Beneath this line sits some data. Return only its lines from the one holding "Roze en Groene" through the one holding "Unisex Wrist Watch", inclusive, exactly, with the images removed.

LISTED ENTRIES:
──────────

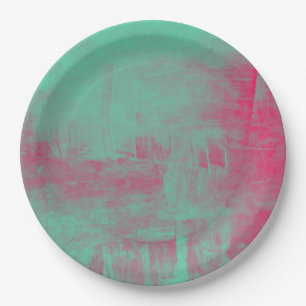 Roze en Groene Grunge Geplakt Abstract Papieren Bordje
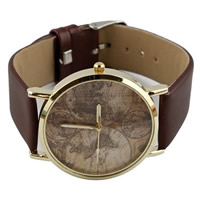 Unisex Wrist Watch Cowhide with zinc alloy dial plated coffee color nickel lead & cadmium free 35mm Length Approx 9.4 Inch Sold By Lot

──────────

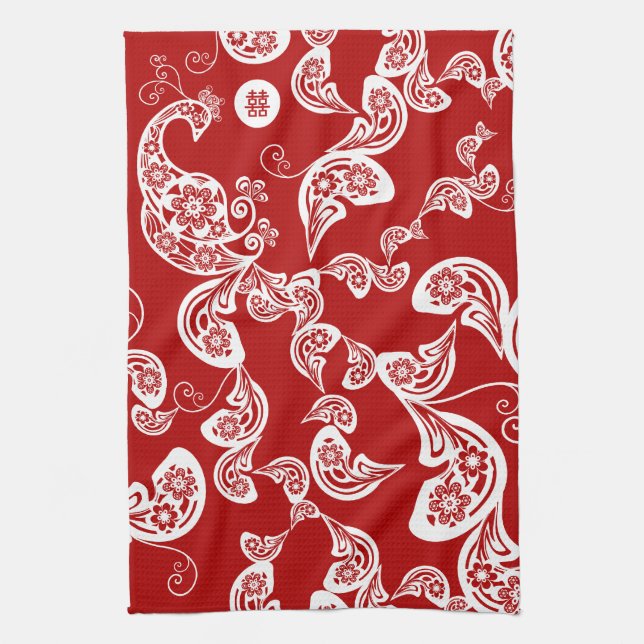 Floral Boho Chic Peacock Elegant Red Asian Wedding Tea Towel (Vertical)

──────────

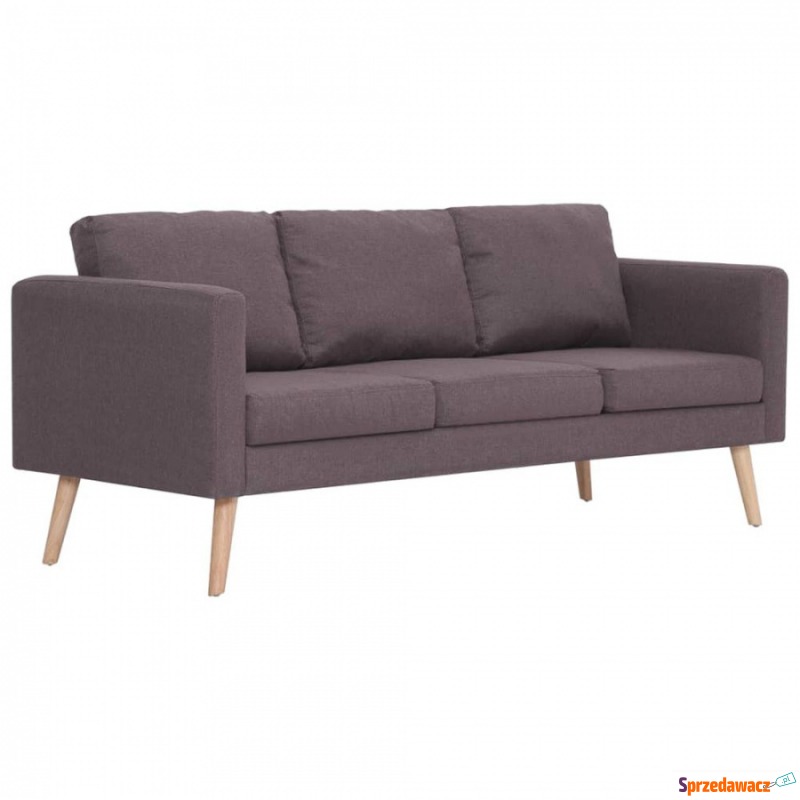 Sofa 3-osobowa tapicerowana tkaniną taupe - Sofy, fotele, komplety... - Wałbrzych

──────────

RESULT BELOW:
 Roze en Groene Grunge Geplakt Abstract Papieren Bordje
 Unisex Wrist Watch Cowhide with zinc alloy dial plated coffee color nickel lead & cadmium free 35mm Length Approx 9.4 Inch Sold By Lot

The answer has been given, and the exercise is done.